• Sonuç bulunamadı

Estetik ve mimarlık arasında yakın ilişkiler bulunmaktadır. Araştırmacılar akademik ortamda mimari estetik adını verdikleri bir alan geliştirmişlerdir. Bu alanda kuramsal çalışmalar yapılmış ve mimaride estetik duygusunun oluşturulup geliştirilmesi için neler yapılabileceği ortaya koyulmuştur.

Antik dönemden bu yana felsefenin bir dalı olarak bilinen ‘Estetik‘ veya ‘Güzellik‘ bilimi, günümüzde sanat felsefesinin, psikolojisinin ve sosyolojinin bir araştırma alanı olarak çeşitli yaklaşımlarla ele alınmaktadır. Mimarlıkta da güzelliğin tanımlanması ve aranması, insanlık tarihinin tüm evrelerinde önemli bir uğraş olarak dikkat çekmektedir.

Güzellik, insan beyniyle ilişkilidir ve eğitim sayesinde geliştirilir. Hangi etkenlerin beyindeki bu değerlendirmelere etki ettiği konusuna gelince, tüm düşünürler matematikte birleştirirler. Mimarlıkta da biçimler geometrinin türevlerinden oluşur. Çünkü oran, orantı, uyum, denge, birliktelik ve düzen, matematiğin biçimsel ve ruhsal araçlarıdır veya türevleridir. Bunlardan yararlanılarak yola çıkılan ve erişilen geometrik şekil insan beyninde güzellik duygusu yaratır. Mimarlık görsel bir sanat olduğuna göre, ayrıntılar, bir arada etki/sonuç doğurur ve bunları içeren tasarım insana güzel görünür. Matematik+bilinçlenmiş/işlenmiş duygu=güzellik. Bu formül her sanat dalında geçerlidir (Tuncer, 2015).
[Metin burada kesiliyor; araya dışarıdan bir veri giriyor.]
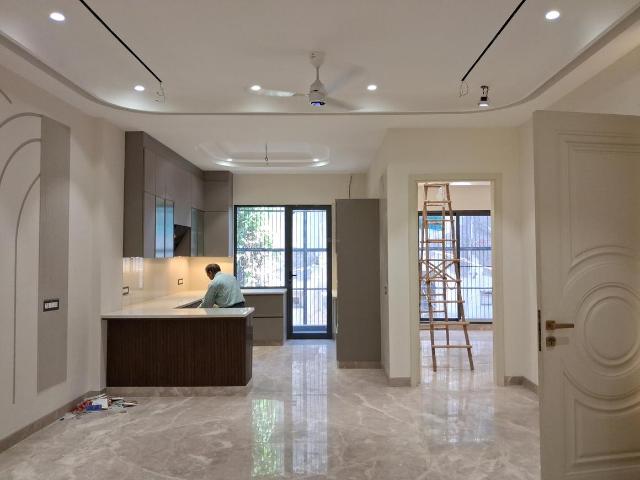 3 BHK Independent Builder Floor in Paschim Vihar for resale New Delhi. The reference number is 20502324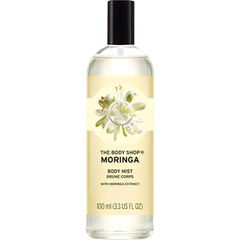 Moringa (Body Mist) by The Body Shop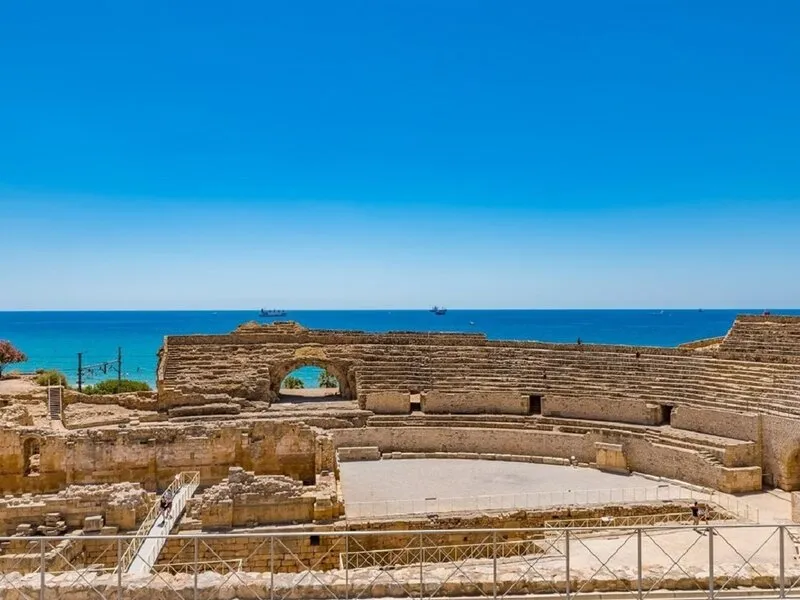Ciutat de Tarragona · Anbieterbild von TUI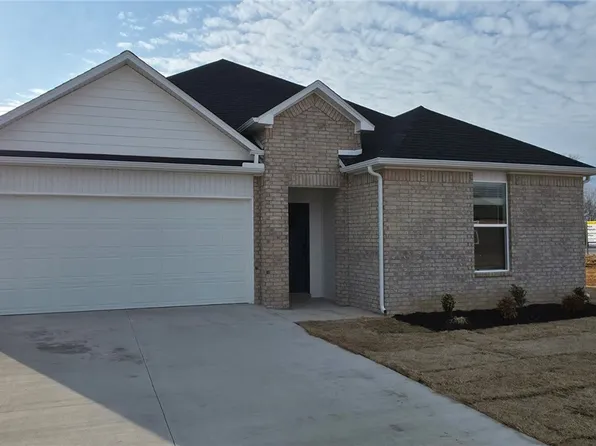 4109 Agave Ave, Springdale, AR 72764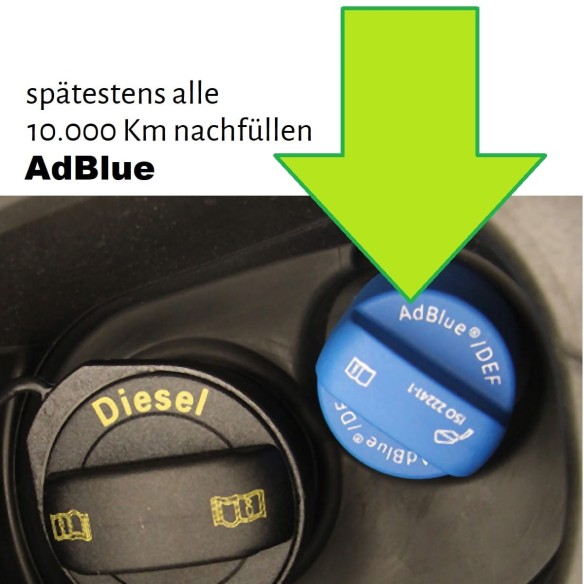 AdBlue-billigster-Preis-Testsieger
Sanat eserinde haz, temel tasarı öğelerinin uyum ve dengesi sonucunda ortaya çıkar. Güzellik, doğa düzeninin özü anlamına gelmektedir. Bu düzen sonucu, sanat eserinde uyum ve birlik sağlanır. İşte altın oran, sanat eserindeki uyumu ortaya çıkaran bir ölçülendirme biçimi olarak ortaya çıkar (Kalaycı, 1994).
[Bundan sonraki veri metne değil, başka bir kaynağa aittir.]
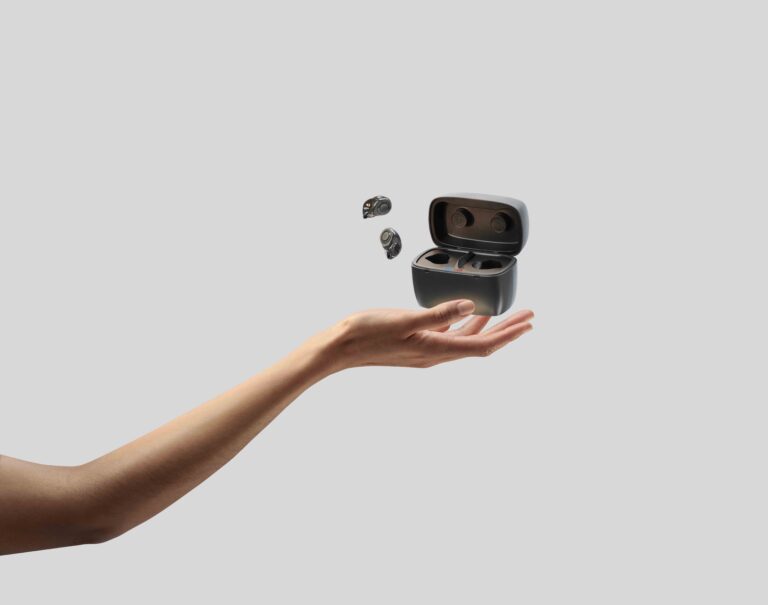 ReSound Sensia: La Inteligencia Aumentada Revoluciona la Audición Natural
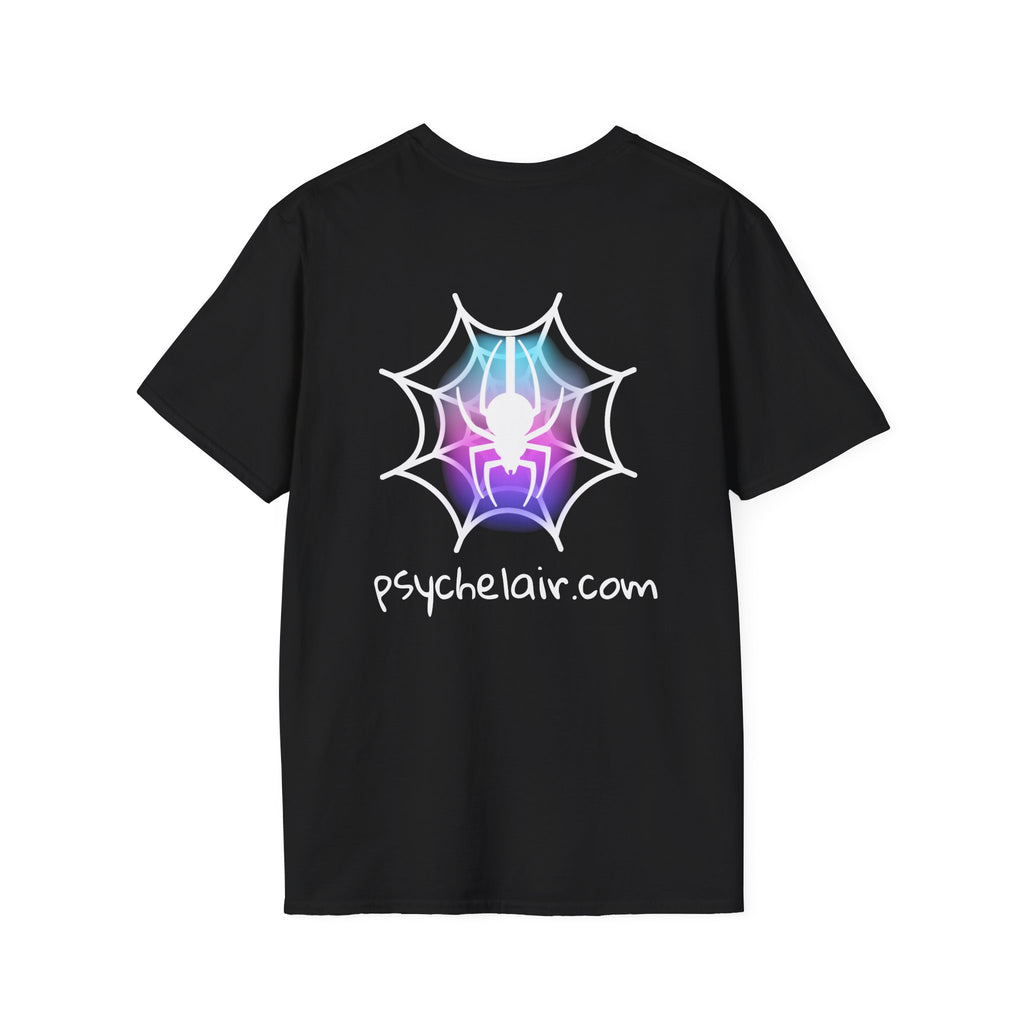 Fang Softly "UNISEX" T-Shirt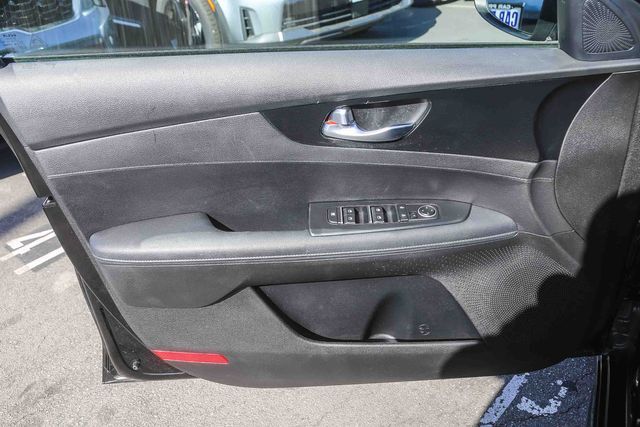 2023 Kia Forte GT-Line Glendale CA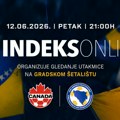 Gradskim šetalištem odjekivaće podrška Zmajevima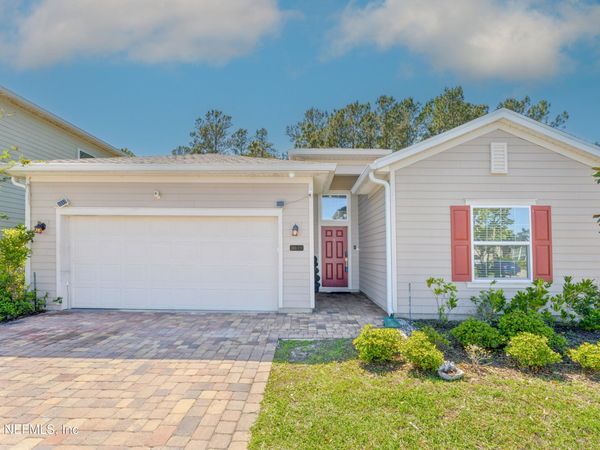 4149 ARBOR MILL Circle, Orange Park, FL 32065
İnsanlar özellikle görsel sanatlarda doğayı kültüre dönüştürmek istemiştir. Bu amaçla doğadan altın oranı almışlardır (Akdeniz, 2007). Görsel sanatlardan birisi de kuşkusuz mimarlıktır. Her gün gördüğümüz ama çoğunlukla dikkat etmediğimiz onlarca bina belli bir estetik kaygı taşımaktadır. Tasarımları yapılırken matematiksel kurallara göre birtakım kriterler belirlenerek planlama, cephe çizimi vs. yapılır. Mimarlıkta da hiçbir mekan tesadüf eseri oluşmaz. Her binanın kendi bağlamında ve fonksiyonunda düşünülmesi gerekir.

Estetik biliminde uzmanlaşmış İngiliz filozof Roger Scruton’un sözleri ise şöyle; “Altın oranın matematiksel özelliklerini gözlemlemek ve hele bunların ortaya koyduğu görsel harmoniyi algılamak, muhakkak ki son derece doyurucu bir deneyimdir.

Dolayısıyla, altın oranın; Yunan mabedlerinin, Gotik katedrallerinin ve Rönesans saraylarının inşaatçılarını esinlendirmiş olmasına hiç şaşırmamak gerekir. Altın oran, sayısız mimar için, bir yapının her yanına yayıldığında, bütüne harmoni ve insancıllık niteliği kazandıran bir temel ölçü olarak hizmet görmüştür.” (Bergil, 1988).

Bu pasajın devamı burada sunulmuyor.